# xgboost local interpretation

- [Online Course](https://www.trainindata.com/p/machine-learning-interpretability)

Here I show how to make local interpretations for a regression model, but the code for classification is the same. We just need to change the model class.

In [1]:
import pandas as pd

from sklearn.datasets import fetch_california_housing
from sklearn.model_selection import train_test_split

from xgboost import XGBRegressor

### Load data

In [2]:
# load the California House price data from Scikit-learn
X, y = fetch_california_housing(return_X_y=True, as_frame=True)
X = X.drop(columns=["Latitude", "Longitude"])

# display top 5 rows
X.head()

Unnamed: 0,MedInc,HouseAge,AveRooms,AveBedrms,Population,AveOccup
0,8.3252,41.0,6.984127,1.02381,322.0,2.555556
1,8.3014,21.0,6.238137,0.97188,2401.0,2.109842
2,7.2574,52.0,8.288136,1.073446,496.0,2.80226
3,5.6431,52.0,5.817352,1.073059,558.0,2.547945
4,3.8462,52.0,6.281853,1.081081,565.0,2.181467


### Split data

In [3]:
# let's separate into training and testing set

X_train, X_test, y_train, y_test = train_test_split(
    X, y, test_size=0.3, random_state=0)

X_train.shape, X_test.shape

((14448, 6), (6192, 6))

## XGBoost

In [4]:
# fit model

gbm = XGBRegressor(
    importance_type="gain",
    n_estimators=2,
    max_depth=2,
    random_state=3,
)

gbm.fit(X_train, y_train)

## Local explanations

In [5]:
# Display a few observations from test set

X_test.head()

Unnamed: 0,MedInc,HouseAge,AveRooms,AveBedrms,Population,AveOccup
14740,4.1518,22.0,5.663073,1.075472,1551.0,4.180593
10101,5.7796,32.0,6.107226,0.927739,1296.0,3.020979
20566,4.3487,29.0,5.930712,1.026217,1554.0,2.910112
2670,2.4511,37.0,4.992958,1.316901,390.0,2.746479
15709,5.0049,25.0,4.319261,1.039578,649.0,1.712401


In [6]:
# pick one observation

sample_id = 14740

X_test.loc[sample_id]

MedInc           4.151800
HouseAge        22.000000
AveRooms         5.663073
AveBedrms        1.075472
Population    1551.000000
AveOccup         4.180593
Name: 14740, dtype: float64

In [7]:
# print structure of tree

booster = gbm.get_booster()
booster.dump_model('dump.raw.txt', with_stats = True)

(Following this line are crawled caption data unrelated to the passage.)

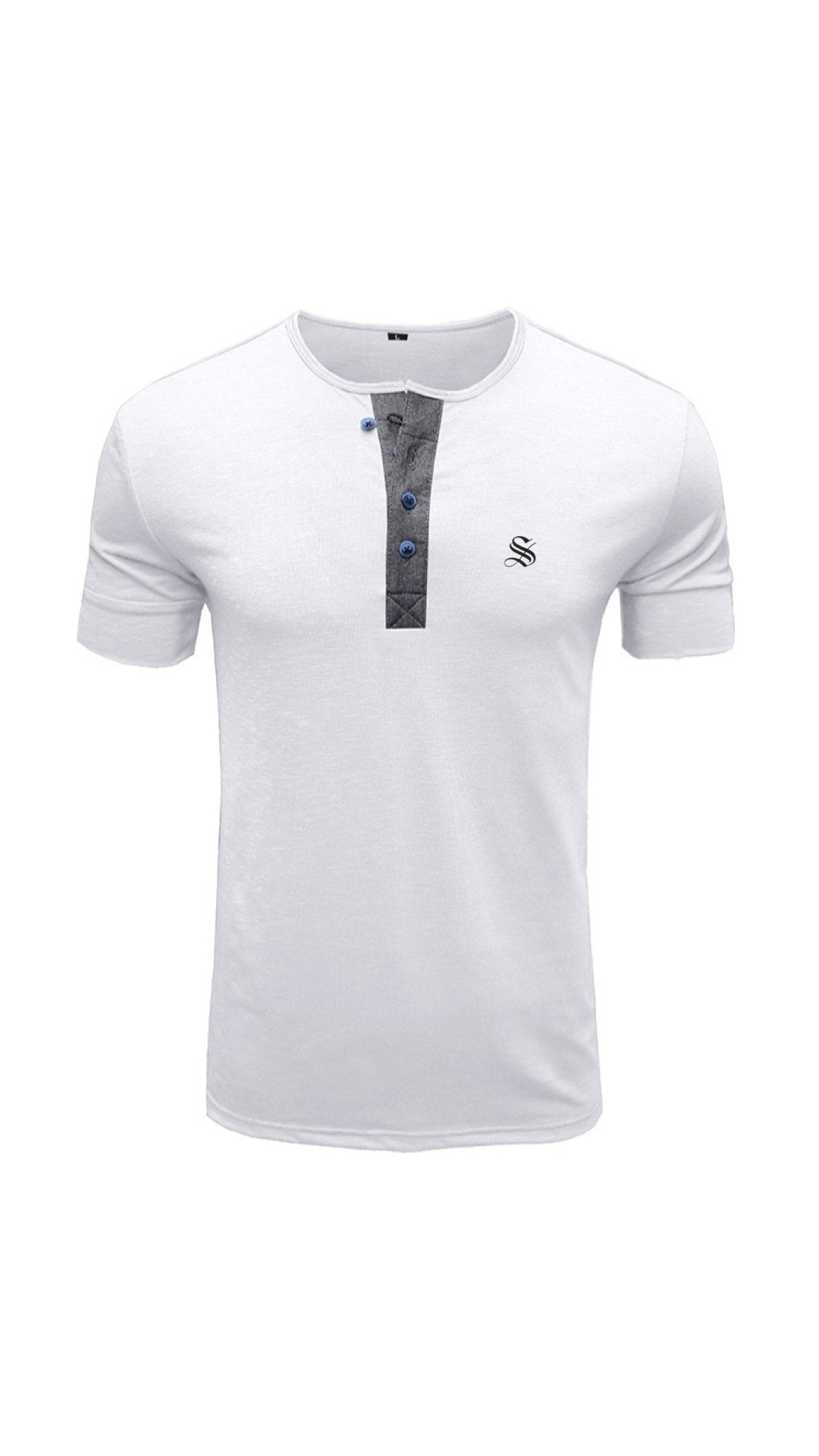 Sudurie - T-shirt for Men - Sarman Fashion - Wholesale Clothing Fashion Brand for Men from Canada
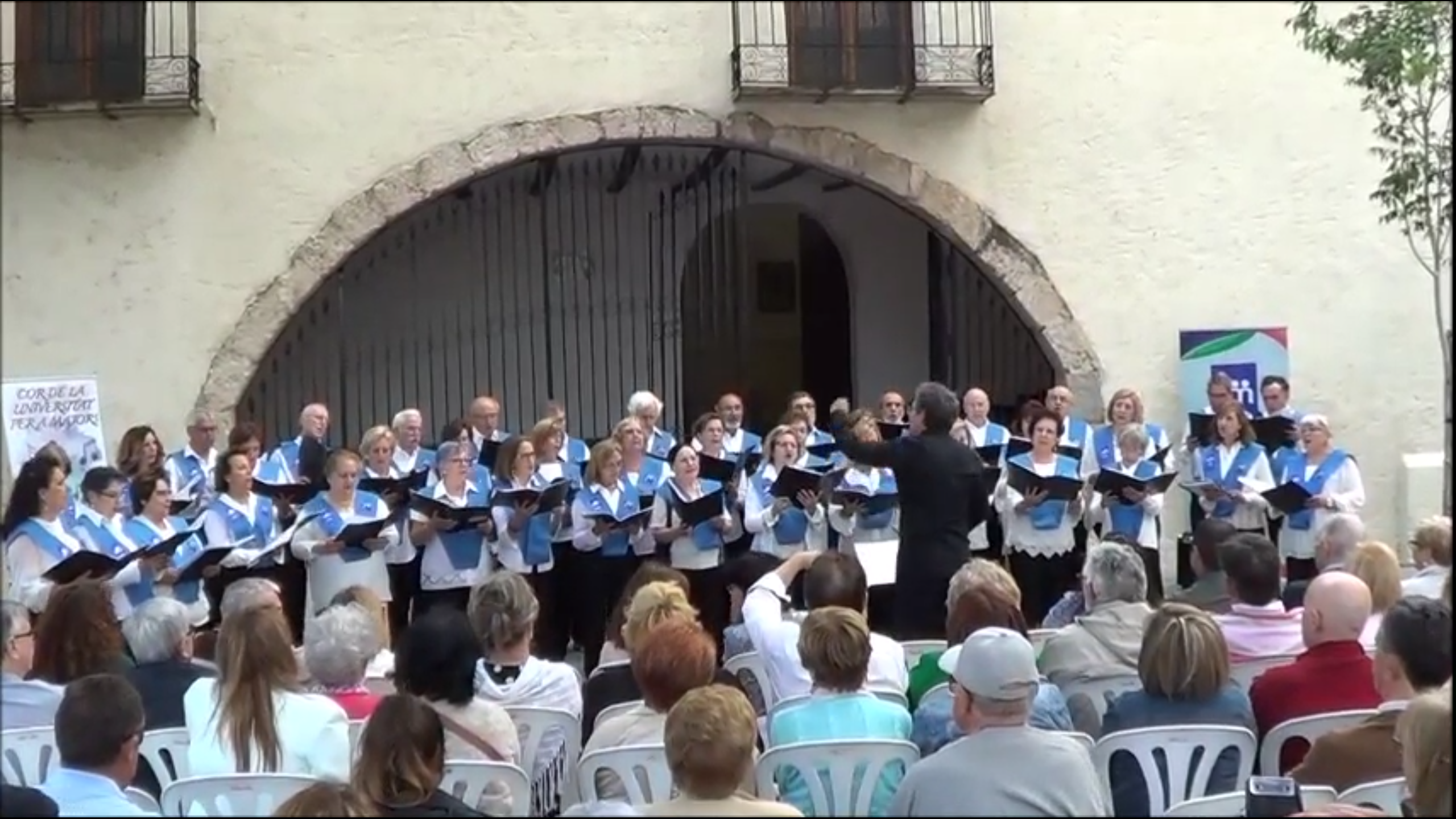 Concierto Primavera Universitat per a Majors 2018. Autor: Carlos Bouza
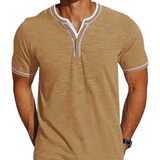 Camisa pólo com estilo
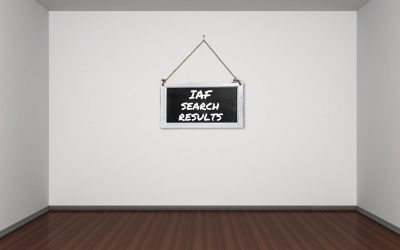 IAF CertSearch Database Already Includes Erroneous Certificate Info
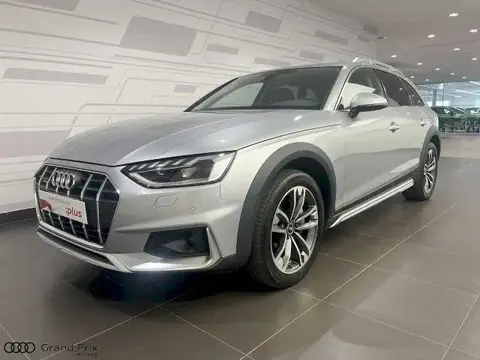 Used AUDI A4 Hybrid 2023 Ad 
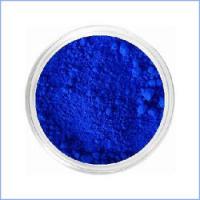 Large picture ultramarine blue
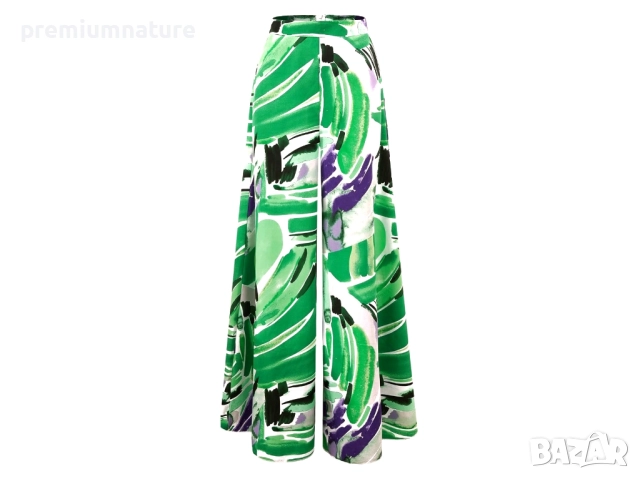 🧭 елегантен еластичен панталон, снимка 11 - Панталони - 46822344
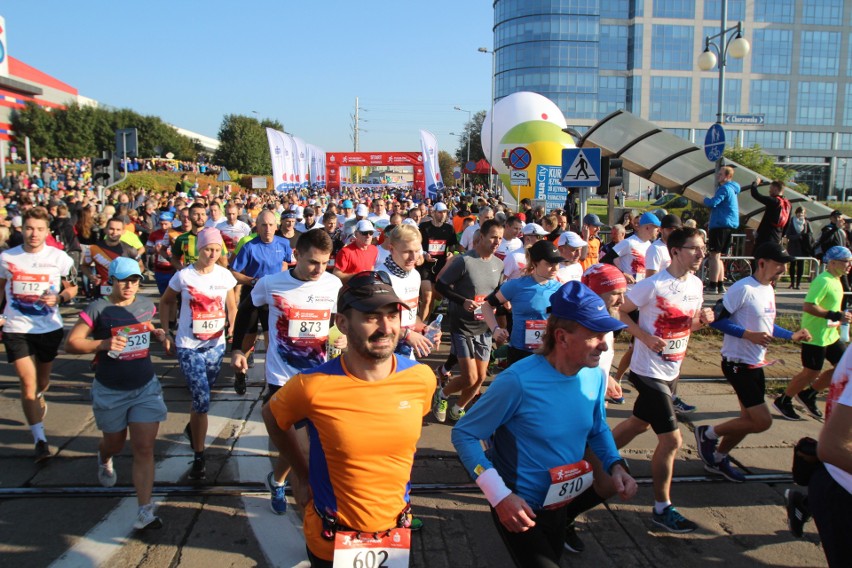 PKO Silesia Marathon 2017 pobiegł 1 października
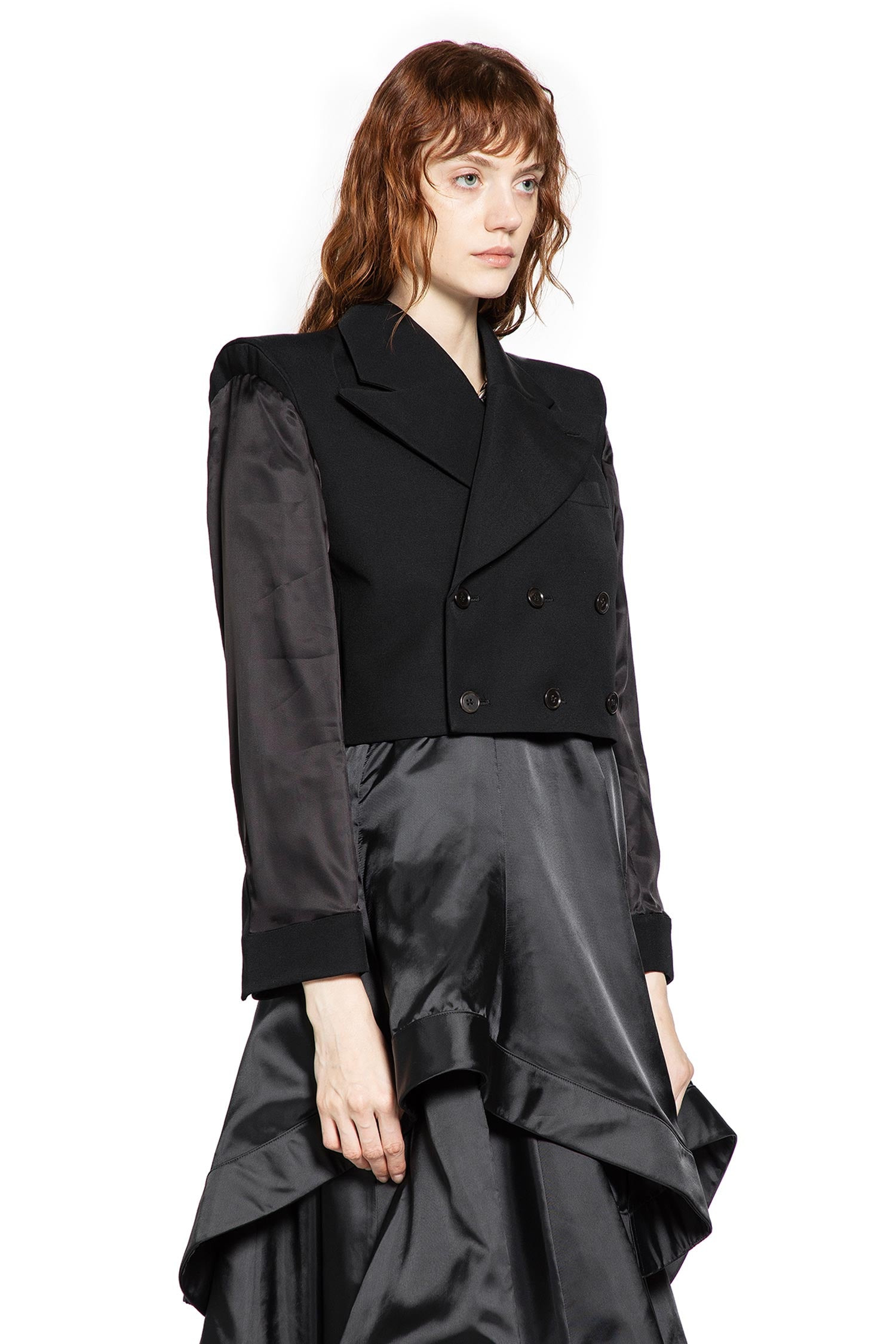 Triple-breasted Tailored Vest - 2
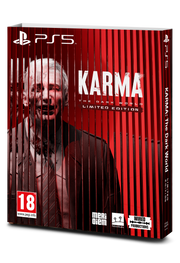 KARMA: The Dark World - Limited Edition [PlayStation 5] PlayStation 5 Video Game Meridiem Games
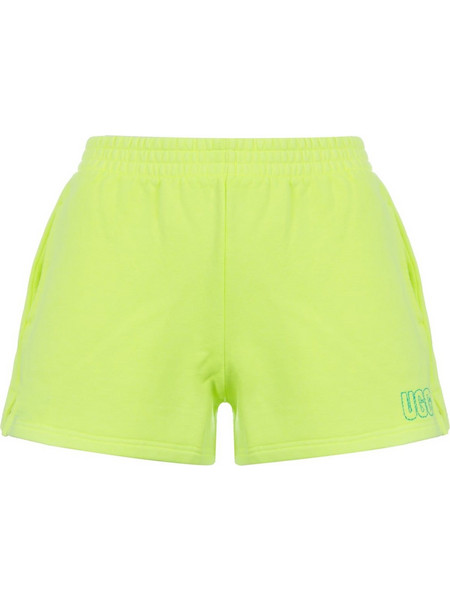 UGG Noni Αθλητικό Γυναικείο Σορτς Lime 1126482-00C1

with open('dump.raw.txt') as file:
    print(file.read())

booster[0]:
0:[MedInc<5] yes=1,no=2,missing=2,gain=6050.60205,cover=14448
	1:[MedInc<3.07990003] yes=3,no=4,missing=4,gain=1505.21838,cover=11310
		3:leaf=-0.214339092,cover=5520
		4:leaf=0.00459926156,cover=5790
	2:[MedInc<7.80049992] yes=5,no=6,missing=6,gain=1120.00781,cover=3138
		5:leaf=0.286677152,cover=2599
		6:leaf=0.761799335,cover=539
booster[1]:
0:[MedInc<5.60379982] yes=1,no=2,missing=2,gain=3219.354,cover=14448
	1:[MedInc<3.55110002] yes=3,no=4,missing=4,gain=1047.51404,cover=12391
		3:leaf=-0.130962819,cover=7264
		4:leaf=0.0461317673,cover=5127
	2:[MedInc<6.80749989] yes=5,no=6,missing=6,gain=305.747559,cover=2057
		5:leaf=0.241858423,cover=1125
		6:leaf=0.474598616,cover=932



## Feature contribution

xgboost does not provide the values at the internal nodes, just at the leaves, so we need to calculate them manually :/


In [8]:
# tree one

x1_1 = (.214*5520 + .0046*5790) / 11310
x1_1

0.10680053050397878

In [9]:
x2_1 = (.2866*2599 + .7617*539) / 3138
x2_1

0.36820576800509885

In [10]:
x0_1 = (x1_1 * 11310 + x2_1 * 3138) / 14448
x0_1

0.16357583748615728

In [11]:
# tree two

x1_2 = (.131*7264 + .0461*5127) / 12391
x2_2 = (.2418*1125 + .4745*932) / 2057
x0_2 = (x1_2 * 12391 + x2_2 * 2057) / 14448

x1_2, x2_2, x0_2

(0.09587109192155598, 0.3472333495381624, 0.13165820182724253)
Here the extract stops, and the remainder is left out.